# Looking for legit source and anything that would be same results as the original Beastdrol



## bweaver1068 (Jul 31, 2016)

*Looking for legit source and anything that would be same results as the original Beastdrol*

Hey guys , I'm new here....I've been researching where to order some good gear from but can't seem to find any legit source. I have never ordered anything online so I'm kind hesitant to pull the trigger. The only thing I've really used was the original beastdrol by mr supps (actually a pro hormone) when it was still legal. Ever since then, about 3 years ago, I haven't found anything close to that. I was in the best shape I've ever been on when I took that. Trying to get back into the game again and get big and cut up. If anyone can tell me where to get something like it or where to get any legit good gear please let me know or PM me too. Thanks


----------



## Bro Bundy (Jul 31, 2016)

Im glad you took the time to read the rules..


----------



## PillarofBalance (Jul 31, 2016)

Asking for pm from strangers is a really great way to get scammed.  But hey its your money


----------



## bweaver1068 (Jul 31, 2016)

I just realized the rules...first rule of fight club.....sorry guys, I'll be a bit smarter smh


----------



## Bro Bundy (Jul 31, 2016)

bweaver1068 said:


> I just realized the rules...first rule of fight club.....sorry guys, I'll be a bit smarter smh



no one with a good quality source is just gonna give it up like that...You need to put your time in to find something worth a shit


----------



## Grinch (Jul 31, 2016)

You should heed the advice from the vets. Sticking around the forum and exploring you'll find an endless plethora of information and gay/homophobic jokes. Besides, all you have is time. If you take pride in taking care of yourself then the forum has endless benefits but if you're just looking to score, you're at the wrong place. There are threads I dug up from years ago that I've already incorporated into my diet, routine, and everyday lifestyle. And most of the dudes here are pretty solid.

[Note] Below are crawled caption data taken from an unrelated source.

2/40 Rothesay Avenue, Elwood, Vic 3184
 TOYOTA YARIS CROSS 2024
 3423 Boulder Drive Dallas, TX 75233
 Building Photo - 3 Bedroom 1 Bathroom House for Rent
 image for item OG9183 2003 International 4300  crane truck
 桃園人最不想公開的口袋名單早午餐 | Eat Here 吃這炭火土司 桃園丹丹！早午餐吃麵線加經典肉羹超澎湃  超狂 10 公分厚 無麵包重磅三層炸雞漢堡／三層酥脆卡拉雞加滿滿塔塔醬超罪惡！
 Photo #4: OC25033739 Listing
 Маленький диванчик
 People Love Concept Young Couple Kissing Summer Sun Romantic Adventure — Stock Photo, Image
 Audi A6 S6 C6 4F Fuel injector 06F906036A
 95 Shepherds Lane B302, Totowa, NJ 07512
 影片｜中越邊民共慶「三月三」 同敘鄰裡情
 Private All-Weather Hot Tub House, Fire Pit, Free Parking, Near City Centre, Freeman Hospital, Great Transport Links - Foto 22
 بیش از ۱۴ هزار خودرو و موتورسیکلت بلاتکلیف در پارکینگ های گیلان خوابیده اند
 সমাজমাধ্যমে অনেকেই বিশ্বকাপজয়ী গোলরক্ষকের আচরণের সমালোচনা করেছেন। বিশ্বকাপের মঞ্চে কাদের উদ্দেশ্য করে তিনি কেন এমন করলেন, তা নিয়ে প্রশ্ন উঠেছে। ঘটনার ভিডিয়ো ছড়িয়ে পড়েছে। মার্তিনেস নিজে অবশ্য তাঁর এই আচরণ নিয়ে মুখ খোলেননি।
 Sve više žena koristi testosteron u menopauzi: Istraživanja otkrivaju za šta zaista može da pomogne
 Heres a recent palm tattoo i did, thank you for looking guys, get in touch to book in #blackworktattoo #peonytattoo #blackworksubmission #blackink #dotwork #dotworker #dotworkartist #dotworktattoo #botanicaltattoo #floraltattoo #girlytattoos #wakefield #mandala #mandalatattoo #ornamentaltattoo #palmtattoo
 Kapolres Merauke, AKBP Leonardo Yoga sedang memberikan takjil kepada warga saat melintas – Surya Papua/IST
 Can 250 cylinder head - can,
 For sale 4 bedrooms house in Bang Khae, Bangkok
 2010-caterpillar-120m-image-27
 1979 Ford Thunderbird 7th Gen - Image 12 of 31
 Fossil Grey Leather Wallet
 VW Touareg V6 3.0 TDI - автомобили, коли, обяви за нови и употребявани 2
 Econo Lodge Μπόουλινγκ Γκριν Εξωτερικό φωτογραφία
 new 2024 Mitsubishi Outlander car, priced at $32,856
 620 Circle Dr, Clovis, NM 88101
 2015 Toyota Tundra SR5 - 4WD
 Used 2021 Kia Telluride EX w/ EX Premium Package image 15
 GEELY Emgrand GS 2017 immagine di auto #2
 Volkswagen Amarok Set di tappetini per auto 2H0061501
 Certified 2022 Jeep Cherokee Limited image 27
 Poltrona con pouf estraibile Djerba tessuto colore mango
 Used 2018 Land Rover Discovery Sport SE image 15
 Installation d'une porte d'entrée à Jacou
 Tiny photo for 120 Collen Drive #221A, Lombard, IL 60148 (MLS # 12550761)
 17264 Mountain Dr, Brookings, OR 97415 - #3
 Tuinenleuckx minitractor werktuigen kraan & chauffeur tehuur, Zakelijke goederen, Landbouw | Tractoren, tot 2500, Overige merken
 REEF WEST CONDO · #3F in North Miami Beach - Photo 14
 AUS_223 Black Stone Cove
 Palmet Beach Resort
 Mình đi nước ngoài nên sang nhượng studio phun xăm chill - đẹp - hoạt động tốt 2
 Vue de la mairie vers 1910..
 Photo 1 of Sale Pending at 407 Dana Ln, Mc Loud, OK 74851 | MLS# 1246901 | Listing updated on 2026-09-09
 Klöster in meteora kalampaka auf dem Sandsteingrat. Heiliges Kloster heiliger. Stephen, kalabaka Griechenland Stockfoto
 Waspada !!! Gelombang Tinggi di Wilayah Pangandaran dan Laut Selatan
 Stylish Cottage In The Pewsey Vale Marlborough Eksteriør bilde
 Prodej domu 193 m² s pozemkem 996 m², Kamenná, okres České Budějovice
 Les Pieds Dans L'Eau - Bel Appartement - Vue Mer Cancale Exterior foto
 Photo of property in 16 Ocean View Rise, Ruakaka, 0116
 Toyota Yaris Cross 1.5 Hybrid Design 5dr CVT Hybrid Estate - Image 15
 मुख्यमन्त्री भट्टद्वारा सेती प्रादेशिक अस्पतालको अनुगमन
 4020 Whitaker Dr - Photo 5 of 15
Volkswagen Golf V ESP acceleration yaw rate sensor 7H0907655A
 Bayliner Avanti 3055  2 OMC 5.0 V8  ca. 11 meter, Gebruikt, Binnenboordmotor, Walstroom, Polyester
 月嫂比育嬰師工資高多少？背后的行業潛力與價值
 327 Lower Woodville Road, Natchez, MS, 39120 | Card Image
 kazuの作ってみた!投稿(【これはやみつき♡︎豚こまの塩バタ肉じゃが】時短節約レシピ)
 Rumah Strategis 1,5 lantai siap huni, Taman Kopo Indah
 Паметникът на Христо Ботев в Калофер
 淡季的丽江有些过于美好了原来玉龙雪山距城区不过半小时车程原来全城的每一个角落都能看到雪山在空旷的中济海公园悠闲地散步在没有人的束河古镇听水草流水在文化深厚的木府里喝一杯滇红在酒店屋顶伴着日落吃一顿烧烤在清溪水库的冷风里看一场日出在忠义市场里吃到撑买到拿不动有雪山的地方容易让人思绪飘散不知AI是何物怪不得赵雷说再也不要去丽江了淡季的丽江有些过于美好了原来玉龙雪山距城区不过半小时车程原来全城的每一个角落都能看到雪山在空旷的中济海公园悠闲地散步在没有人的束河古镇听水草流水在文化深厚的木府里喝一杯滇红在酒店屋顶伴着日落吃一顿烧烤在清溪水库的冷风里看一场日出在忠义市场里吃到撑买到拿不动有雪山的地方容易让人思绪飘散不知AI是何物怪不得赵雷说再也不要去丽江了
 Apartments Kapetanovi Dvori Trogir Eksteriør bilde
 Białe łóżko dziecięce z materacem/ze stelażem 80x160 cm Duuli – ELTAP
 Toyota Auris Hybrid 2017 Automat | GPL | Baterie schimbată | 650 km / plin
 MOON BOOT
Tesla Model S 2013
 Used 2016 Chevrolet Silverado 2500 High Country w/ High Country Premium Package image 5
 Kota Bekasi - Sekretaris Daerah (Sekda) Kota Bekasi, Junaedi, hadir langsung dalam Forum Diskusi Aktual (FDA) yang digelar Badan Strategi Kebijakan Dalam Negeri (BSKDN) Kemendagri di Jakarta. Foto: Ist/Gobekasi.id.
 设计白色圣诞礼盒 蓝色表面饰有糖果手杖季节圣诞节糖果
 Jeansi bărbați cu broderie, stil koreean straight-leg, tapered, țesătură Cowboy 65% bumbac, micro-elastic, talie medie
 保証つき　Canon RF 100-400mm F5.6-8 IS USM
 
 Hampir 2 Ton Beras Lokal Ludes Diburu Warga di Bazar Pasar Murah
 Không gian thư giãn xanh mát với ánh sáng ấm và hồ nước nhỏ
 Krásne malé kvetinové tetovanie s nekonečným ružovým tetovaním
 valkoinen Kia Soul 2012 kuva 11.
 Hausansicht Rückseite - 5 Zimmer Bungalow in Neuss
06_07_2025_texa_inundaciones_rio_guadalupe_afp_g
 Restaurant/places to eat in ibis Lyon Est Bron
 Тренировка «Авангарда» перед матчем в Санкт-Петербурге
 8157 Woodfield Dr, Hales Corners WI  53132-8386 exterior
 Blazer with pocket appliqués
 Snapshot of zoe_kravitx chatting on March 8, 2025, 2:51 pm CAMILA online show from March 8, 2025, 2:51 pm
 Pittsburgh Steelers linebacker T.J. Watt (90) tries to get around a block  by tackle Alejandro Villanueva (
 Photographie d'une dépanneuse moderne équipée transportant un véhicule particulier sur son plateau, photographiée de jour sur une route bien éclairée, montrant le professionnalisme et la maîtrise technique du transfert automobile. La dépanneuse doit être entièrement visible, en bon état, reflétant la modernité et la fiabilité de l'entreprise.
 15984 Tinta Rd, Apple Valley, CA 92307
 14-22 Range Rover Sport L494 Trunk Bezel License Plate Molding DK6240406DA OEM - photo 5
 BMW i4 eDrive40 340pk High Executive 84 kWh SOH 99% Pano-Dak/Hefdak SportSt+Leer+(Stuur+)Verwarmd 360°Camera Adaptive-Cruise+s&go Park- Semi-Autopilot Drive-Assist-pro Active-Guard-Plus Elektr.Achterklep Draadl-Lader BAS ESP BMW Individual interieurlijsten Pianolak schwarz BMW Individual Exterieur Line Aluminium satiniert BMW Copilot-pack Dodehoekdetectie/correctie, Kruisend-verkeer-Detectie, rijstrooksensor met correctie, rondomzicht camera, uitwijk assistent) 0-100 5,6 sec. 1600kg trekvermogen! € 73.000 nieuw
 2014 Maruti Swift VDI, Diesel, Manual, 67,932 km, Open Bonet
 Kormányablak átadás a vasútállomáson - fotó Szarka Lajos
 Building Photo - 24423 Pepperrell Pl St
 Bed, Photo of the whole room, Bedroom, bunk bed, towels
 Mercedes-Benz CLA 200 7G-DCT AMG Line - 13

Won't steer you wrong unless you're a dumbass.


----------



## bweaver1068 (Jul 31, 2016)

Thanks man..I see you've been around here and I am sure you know your shit. Any other help you can give, I'm all ears


----------



## DreamChaser (Jul 31, 2016)

What's beastdrol


----------



## Ryand (Aug 1, 2016)

I hear he is a 42 year old geologist from South Park Colorado. But that's mostly hearsay.


----------